EXERCISE –
Pictures excluded, copy all of the data below exactly.

SUPPLIED MATERIAL –
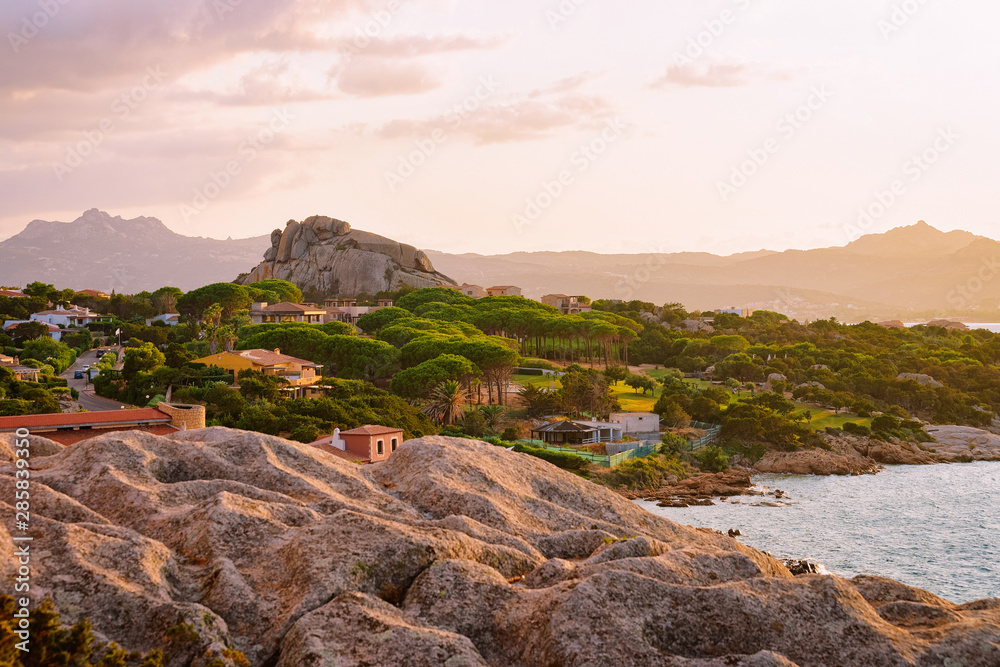 Baja Sardinia resort in Costa Smeralda at sunset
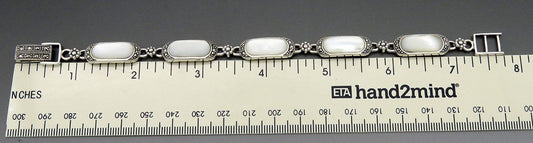 Lovely Vintage Thailand Sterling Silver Shell Marcasite Link Bracelet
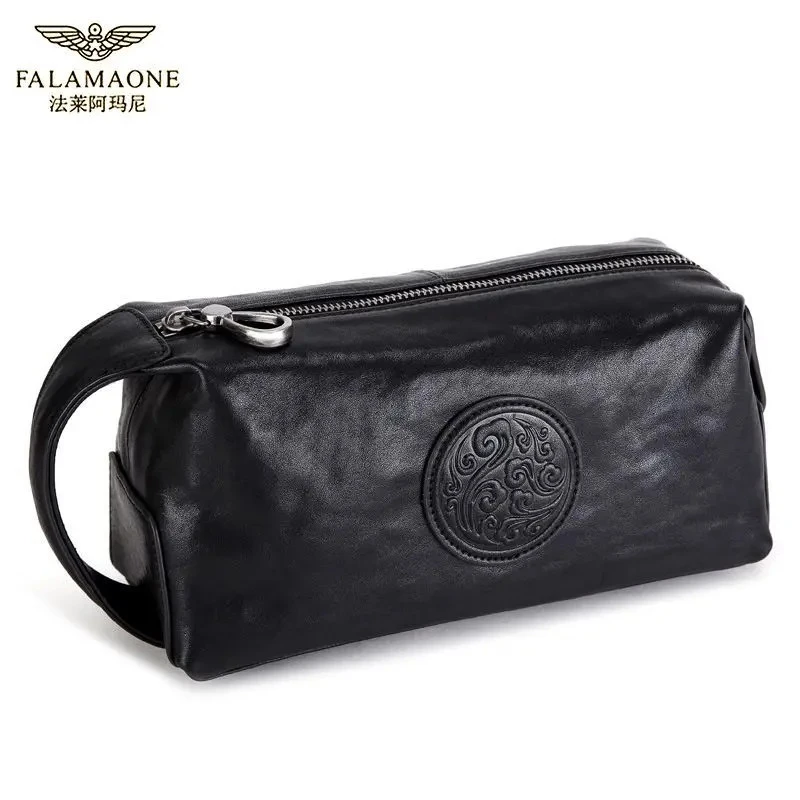 法莱阿玛尼真皮手包男士大容量休闲手拿包头层牛皮百搭轻奢手夹包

RESPONSE TO THE EXERCISE –
 Baja Sardinia resort in Costa Smeralda at sunset
 Lovely Vintage Thailand Sterling Silver Shell Marcasite Link Bracelet
 法莱阿玛尼真皮手包男士大容量休闲手拿包头层牛皮百搭轻奢手夹包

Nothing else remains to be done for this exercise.